Friends: "Southland Tales," Richard Kelly's much anticipated follow-up to "Donnie Darko," is the festival's first significant disaster--two hours and forty minutes of juvenile claptrap, some pandering, most just nonsensical. This woeful misfire of a movie will find few defenders, even among those legions who gave "Darko" cult status.

From the very start of this post-nuclear disaster movie centered on LA in 2008 it is clear that it has none of the style or wit of "Darko." Wally Shawn as a sleazy bad-guy businessman whose company has created a perpetual-motion fuel replacement for oil is utterly ridiculous, from his greasy hair to his clinging wardrobe and delivery of speech. There is a porn star who has a day-time talk show drenched in adolescent potty talk, that Kelly no doubt thought was hilarious
as he penned it. He meant this to be a sweeping black comedy of social satire, but he isn't capable of much more profundity than "teen horniness is not a crime," and "when the shit hits the fan, it all smells the same." People were bailing out of this movie from the very start. The only surprise was those who stuck around didn't boo. It wasn't even worthy of that. This is such a dud, and so unredeeming, it's hard too imagine anyone giving Kelly money to direct ever again. We can only hope, as he says he has a drawer with five or six scripts that he is continually rewriting.

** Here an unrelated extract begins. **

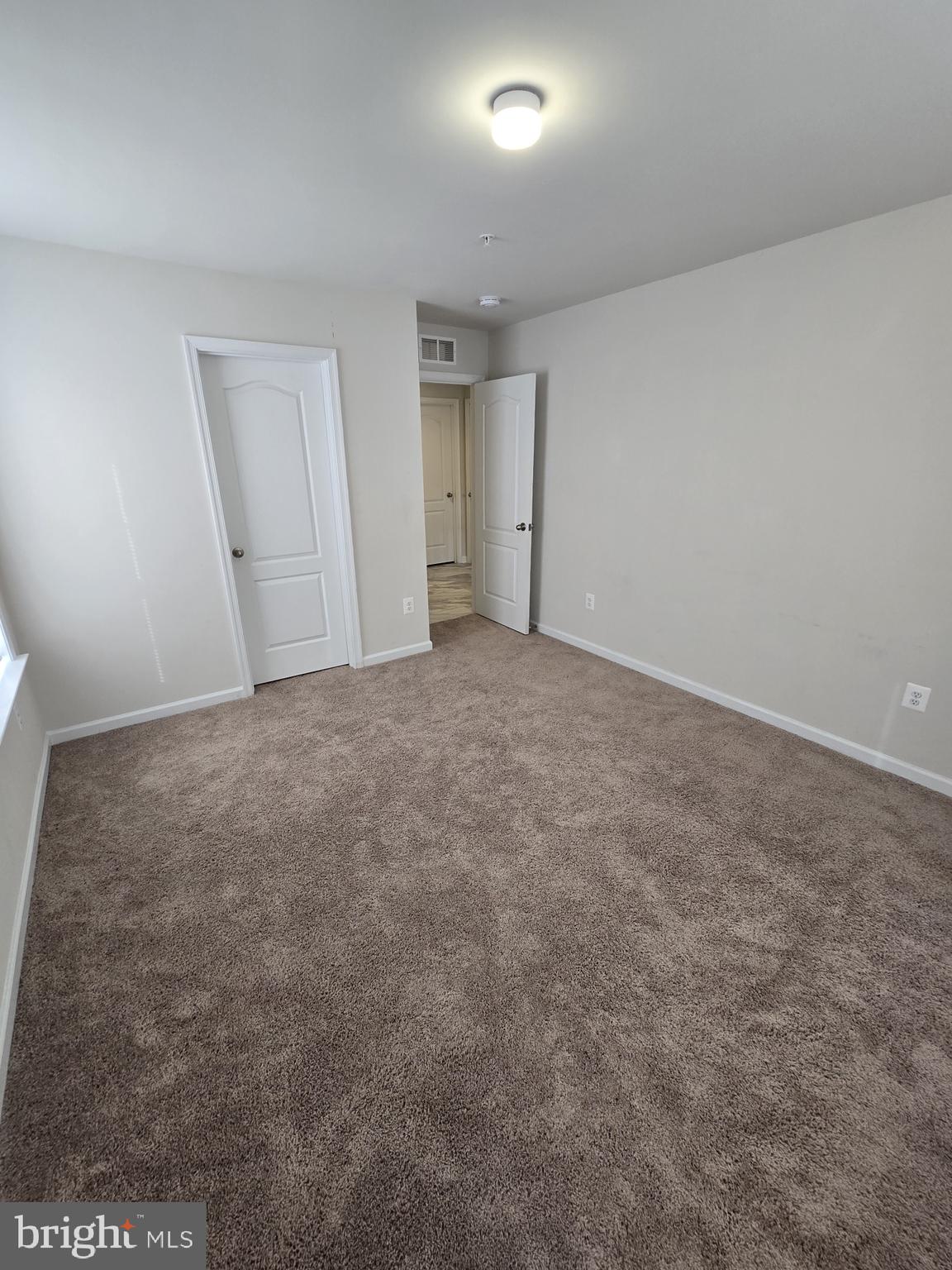 6592 Timber Ridge Lane Bryans Road, MD 20616 - Photo 46 of 60 an empty room with an entryway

"Climates," Nurge Bilge Ceylan's follow-up to his highly acclaimed "Distant" of three years ago, was another much-anticipated film. This Turkish director has a cult following of an entirely different sort than Kelly--those who like slow-paced, contemplative art films with no action. And he delivers again. Patrick McGavin called it the first great film of the festival, but he is in the camp who likes such films.

, for the first time, turns the camera on himself in a starring role. His wife in real life plays his wife in the film, and his parents, as parents, have brief cameos as well. Ceylan plays a professor whose marriage is falling apart. He and his wife split, he has a brief affair and then tries to get together again with his wife. And that is that. It has plenty of depth and gives plenty of space for quiet meditation. It is a bit of a travelogue, as he travels to various places in Turkey, from the snowy mountains to Istanbul. It is not a movie for everyone, and hardly the masses, as acknowledged by the smattering of boos it received.

I was able to squeeze in 45 minutes of "Hell," a French film about a 19-year old girl named Hell who lives with her bourgeoisie parents. She has dropped out of school and hasn't done anything for five months except party hard. Coke is her drug of choice, though she says, "its not drugs, its coke." The write-up said she eventually makes a friend who gives her a reason to put an end to her bad habits. Unfortunately, I had a more important film to get to and didn't get to see that part of her story. I left just after a guy she had slept with purchased a fold-up bike. She didn't like it crowding her in his car and wanted to toss it out. This film was well enough done that it would be worthy festival and art house fare, so I may yet have a chance to find out if that bike gets any use.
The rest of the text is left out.